**ACTION ITEM:**
Copy exactly the lines of the records below, and only those lines, beginning with the line that contains "Morella Tart Cherry Extract" and ending with the line that contains "Miniatura del documento".

(RECORDS FOR THIS TASK)

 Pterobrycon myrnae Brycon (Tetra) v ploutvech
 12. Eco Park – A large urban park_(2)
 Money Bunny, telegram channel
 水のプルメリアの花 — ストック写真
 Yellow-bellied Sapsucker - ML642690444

(End RECORDS FOR THIS TASK)
(RECORDS FOR THIS TASK)

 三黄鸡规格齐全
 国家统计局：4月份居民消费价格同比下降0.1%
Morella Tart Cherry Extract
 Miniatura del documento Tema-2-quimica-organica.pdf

(End RECORDS FOR THIS TASK)

**EXERCISE OUTPUT:**
Morella Tart Cherry Extract
 Miniatura del documento Tema-2-quimica-organica.pdf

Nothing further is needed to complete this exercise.